Sunday’s storms reinforce need for preparation
As if summoned, a full palette of freaky weather visited the area Sunday at the start of the seven days designated as Severe Weather Awareness Week.
As natives of the Midlands, we know tornadoes can strike anytime of year just as we know they most often occur from April through June. Sunday's storms with tornadoes, hurricane-force straight winds, hail and downpours was a reminder that nothing can be taken for granted for the next few month and that awareness and preparation are vital.
Thankfully, Eudora escaped the worst of the storms that caused much more damage to the west and heartbreak to the east.
There is no predicting what the next few months will bring other than more threatening weather is a surety and some communities, perhaps this community, will experience the worst. Given that knowledge, preparation is simply self-preservation. We all need to have a plan in place that would safeguard us if a tornado were to threaten at home or work.

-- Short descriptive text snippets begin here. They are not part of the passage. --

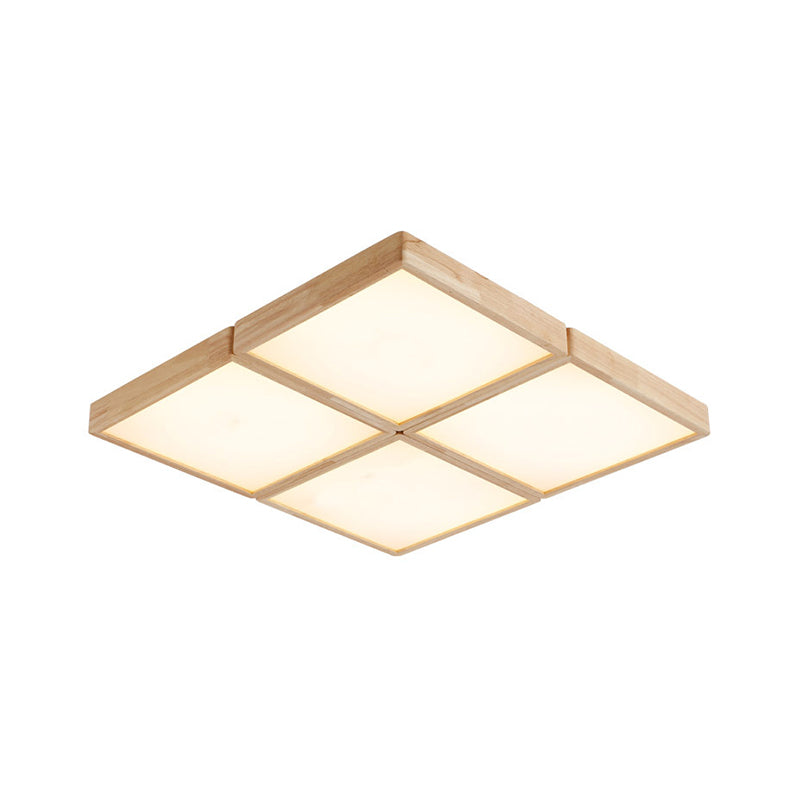 Beige Geometrische Plafond Flush Mount Minimalistische Houten 4/6 Lichten Flush Licht met Acryl Diffuser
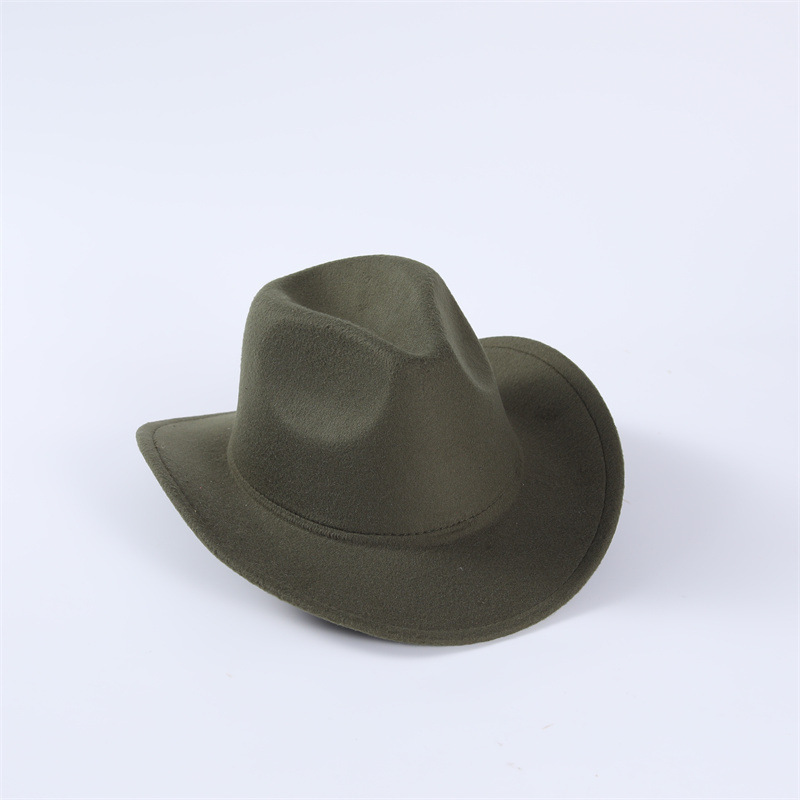 Hot Sale Custom Solid Color Western Cowboy Hat Classical Outdoor Jazz Cap Unisex Hard Fedora Hats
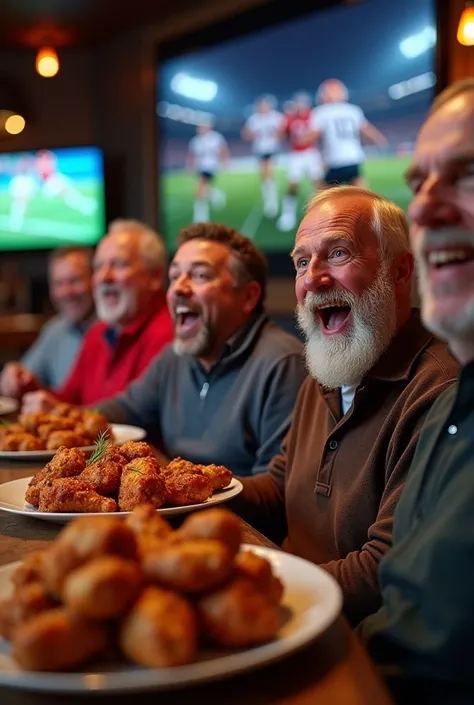 Men watch NFL and eat delicious chicken. They are happy about winning sports bets.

Sunday also served as a reminder in the outbreak that tornadoes become most dangerous after sundown when it is too dark to see what is happening. Nine died in Missouri as the storms rolled through that state late in afternoon and into the evening.
Those of us who watched Sunday as television stations tracked storms had to be impressed at the level of technology they bring to that task. They have ever-increasing means to dissect storms, pinpointing danger almost to the point of visual sightings. That should save lives but not if we are not mindful enough to watch.
Planning, awareness and taking full advantage of amazing resources can help limit the next storm to regrettable, but replaceable, property damage.